======== SUPPLIED INFORMATION ========

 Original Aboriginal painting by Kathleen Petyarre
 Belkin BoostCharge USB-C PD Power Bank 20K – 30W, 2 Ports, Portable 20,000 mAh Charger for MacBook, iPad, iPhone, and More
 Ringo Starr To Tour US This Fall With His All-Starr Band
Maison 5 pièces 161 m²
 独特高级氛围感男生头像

========
======== SUPPLIED INFORMATION ========

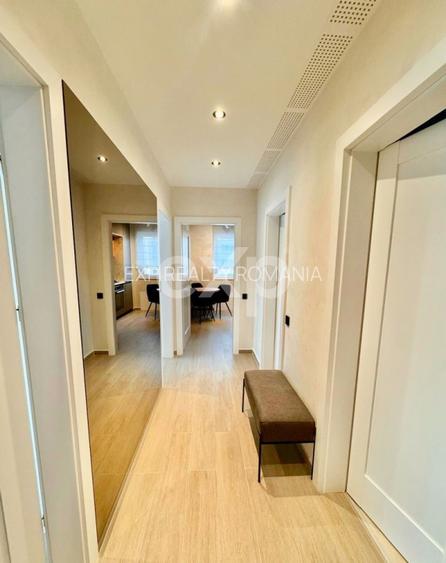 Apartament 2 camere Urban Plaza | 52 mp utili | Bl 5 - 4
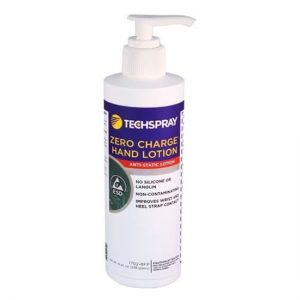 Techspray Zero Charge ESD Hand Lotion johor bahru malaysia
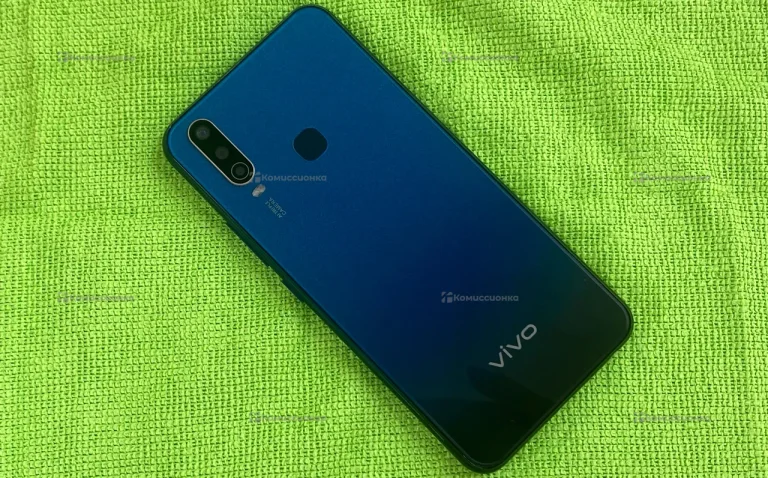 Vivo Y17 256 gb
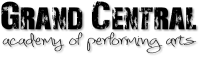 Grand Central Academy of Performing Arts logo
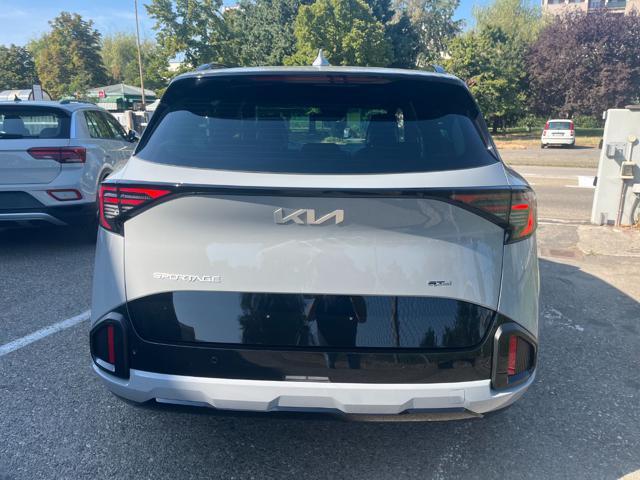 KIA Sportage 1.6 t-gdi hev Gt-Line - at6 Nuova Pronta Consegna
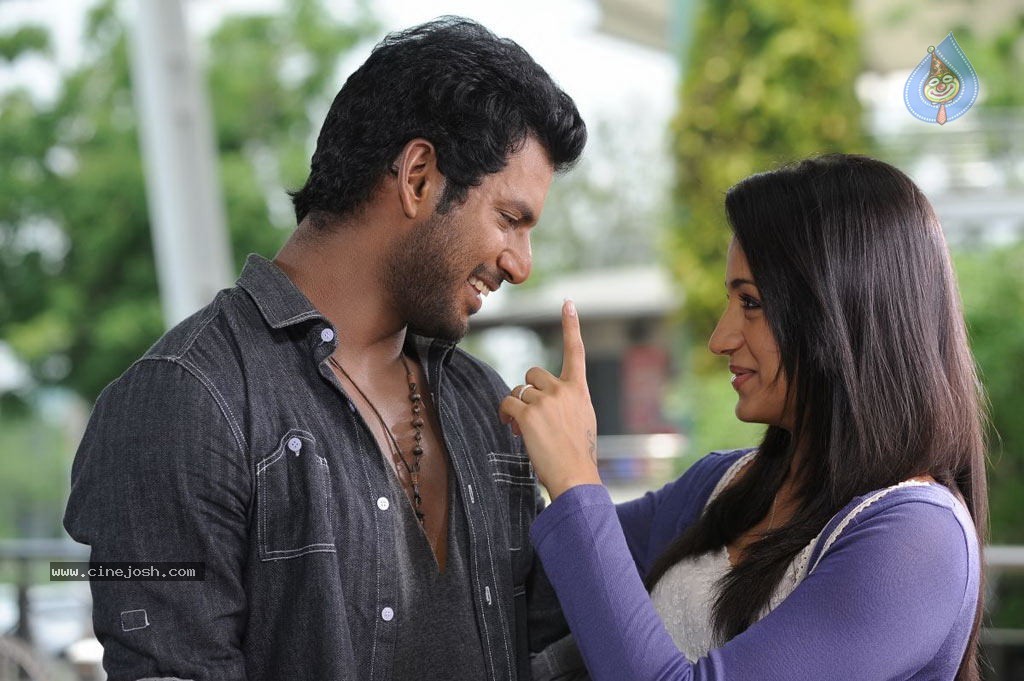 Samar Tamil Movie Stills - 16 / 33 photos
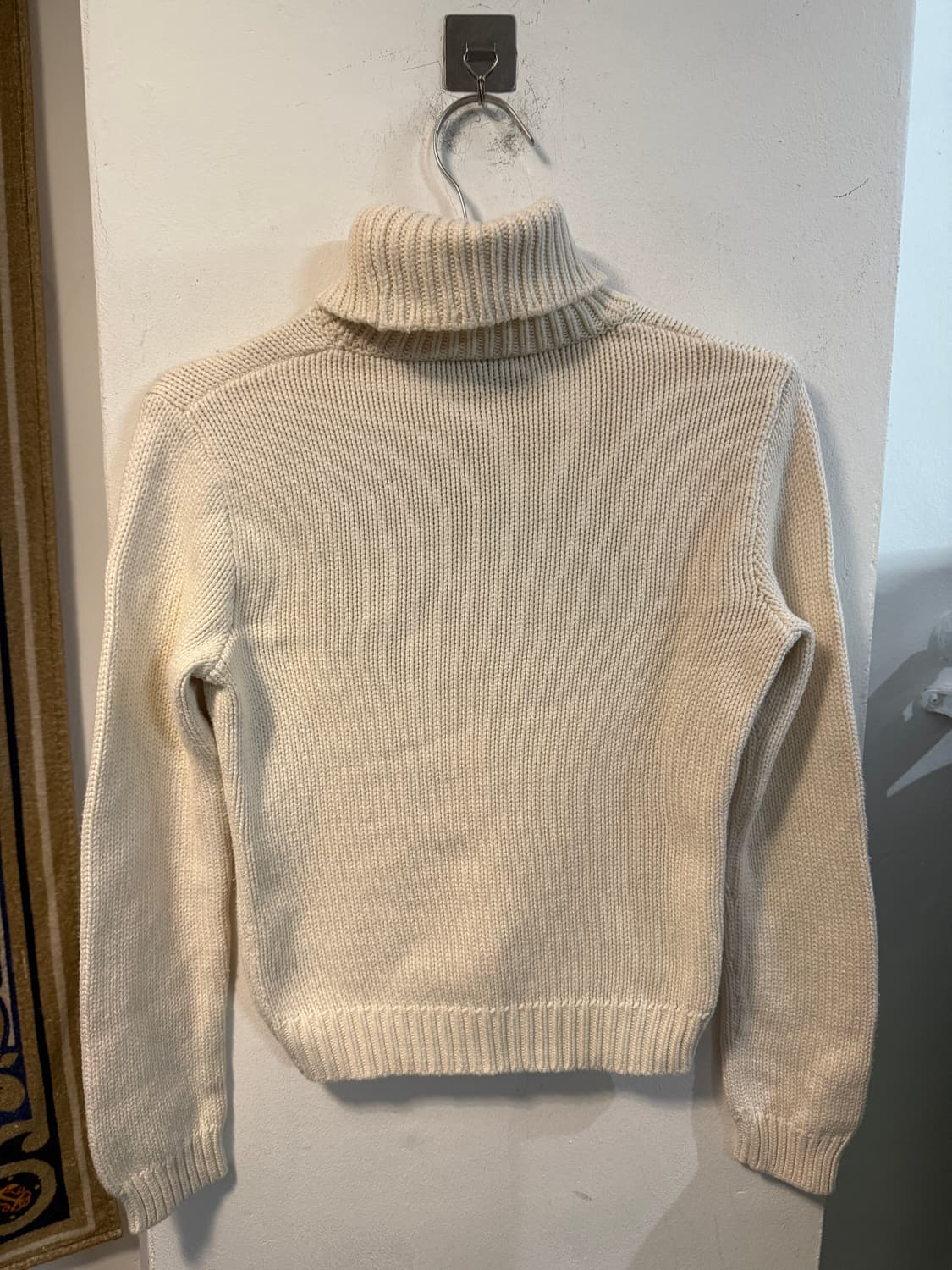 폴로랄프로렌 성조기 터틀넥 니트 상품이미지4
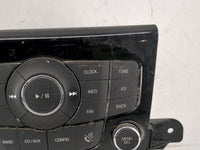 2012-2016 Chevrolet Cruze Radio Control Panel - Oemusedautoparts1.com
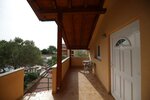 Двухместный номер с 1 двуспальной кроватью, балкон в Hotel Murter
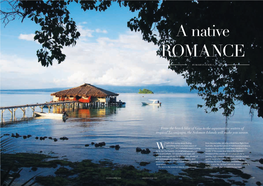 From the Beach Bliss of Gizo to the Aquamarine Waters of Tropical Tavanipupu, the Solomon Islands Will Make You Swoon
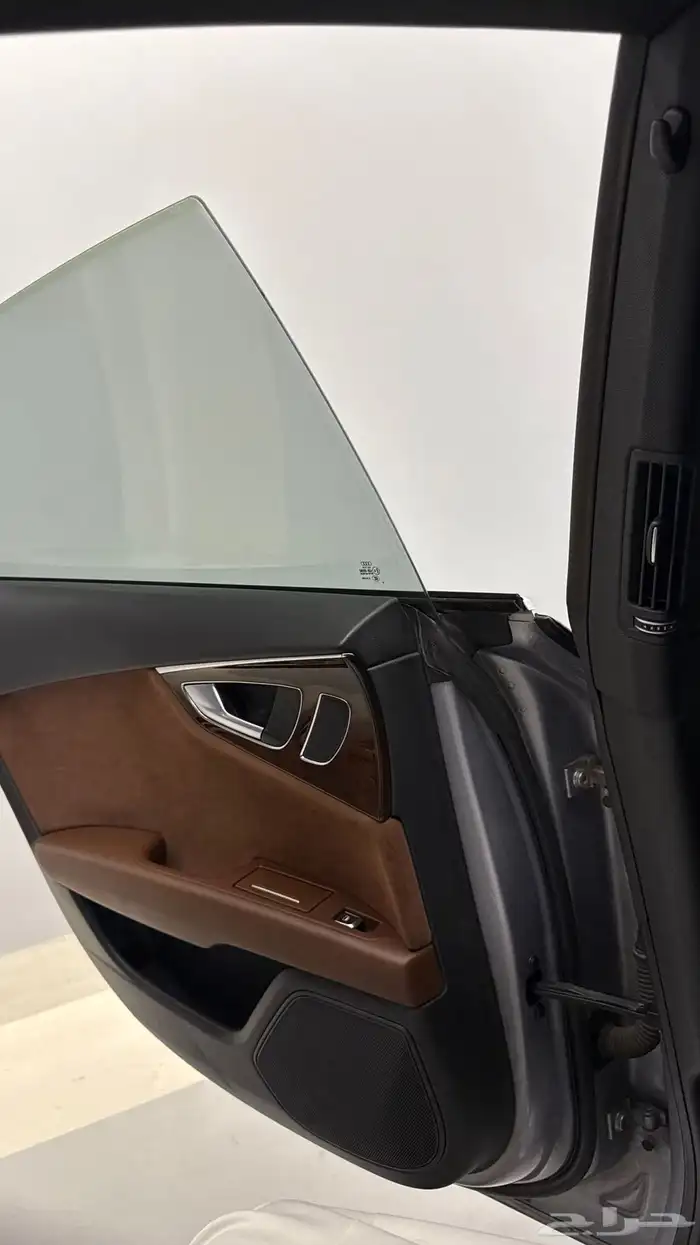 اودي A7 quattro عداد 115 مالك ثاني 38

========
======== SUPPLIED INFORMATION ========

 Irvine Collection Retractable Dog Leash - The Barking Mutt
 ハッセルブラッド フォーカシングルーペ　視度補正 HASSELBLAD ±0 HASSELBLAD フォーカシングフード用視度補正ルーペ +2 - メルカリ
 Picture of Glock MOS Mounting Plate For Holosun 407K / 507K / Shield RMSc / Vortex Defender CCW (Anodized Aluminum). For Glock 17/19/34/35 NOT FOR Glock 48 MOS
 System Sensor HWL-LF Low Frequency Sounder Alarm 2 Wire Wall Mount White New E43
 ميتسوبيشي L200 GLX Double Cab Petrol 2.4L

========

● WORK ORDER
Copy the lines above exactly. Start with the line containing "Original Aboriginal painting", end with the line containing "独特高级氛围感男生头像", and include both.

● THE COMPLETED TASK
 Original Aboriginal painting by Kathleen Petyarre
 Belkin BoostCharge USB-C PD Power Bank 20K – 30W, 2 Ports, Portable 20,000 mAh Charger for MacBook, iPad, iPhone, and More
 Ringo Starr To Tour US This Fall With His All-Starr Band
Maison 5 pièces 161 m²
 独特高级氛围感男生头像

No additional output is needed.